OP ED COLUMN: OPINION ON PAGE ONE- Time to junk all pre-election surveys– By Francisco S. Tatad



FRAUDULENT political surveys are back, although they have really never been out, and mass deception appears to be the only currency whose value seems to appreciate, whether against the stronger US dollar or the rapidly declining Philippine peso.

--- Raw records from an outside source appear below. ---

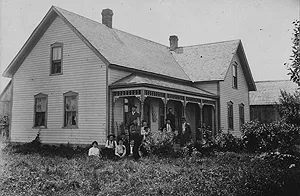 A family poses outside a two-story wooden farmhouse with a decorative front porch.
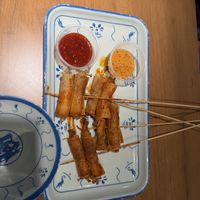 Enoki mushroom skewers with tofu skin   at SLAP Hand Ripped Noodles in Orlando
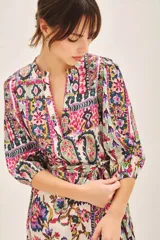 Vestido corto de cuello redondo con escote en V, mangas 3/4 con puños elásticos y lazo ajustable en la cintura. Presenta un estampado multicolor con motivos geométricos y florales.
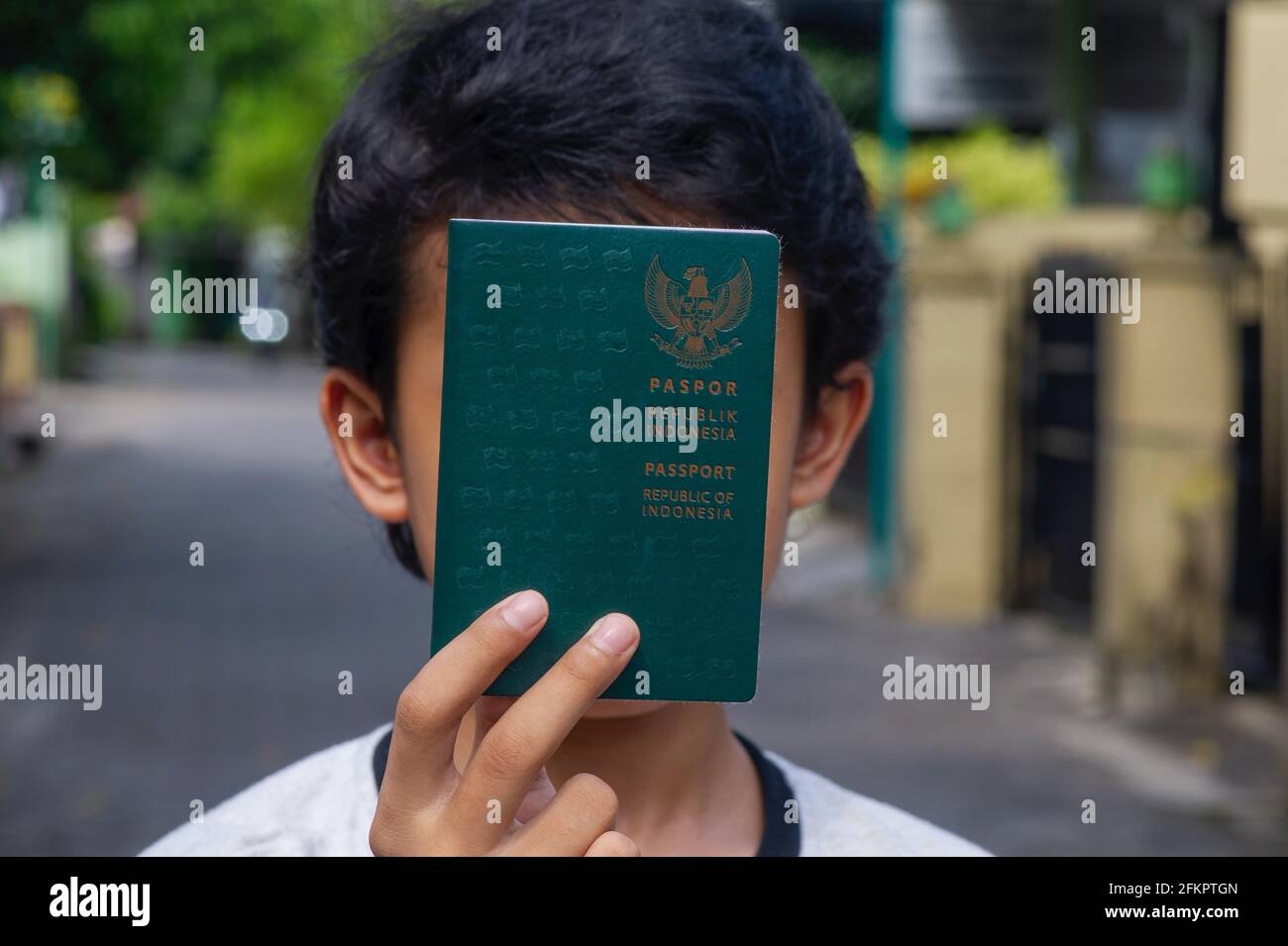 Indonesiano bambino con passaporto Repubblica di Indonesia di fronte al suo volto, selezionato fuoco. Foto Stock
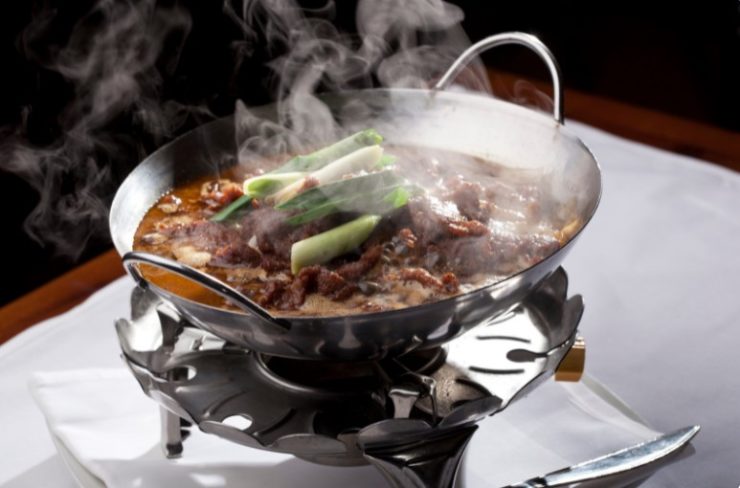 cooking meat and vegetables in a wok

It is the surest sign that national elections are indeed just around the corner, even though no one can say why anyone should expect them to be any more honest and transparent than the last ones since 2010. There has been no effort to purge the process of the polluting effects of Smartmatic and all our corrupt practices.

A wishful survey

On Sunday, the national broadsheets ran identical banner headlines announcing the alleged results of an alleged survey by Pulse (some people read False) Asia of preferred senatorial choices for May 2019. It gave high marks to Sen. Grace Poe, Sen. Cynthia Villar, former senator Pia Cayetano, Sen. Nancy Binay, Mayor Sara Duterte, Sen. Sonny Angara, Sen. Jinggoy Estrada, Gov. Imee Marcos, Sen. Koko Pimentel, former senator Lito Lapid, former Sen. Serge Osmeña, and former presidential candidate Mar Roxas. None of them is a senatorial candidate yet.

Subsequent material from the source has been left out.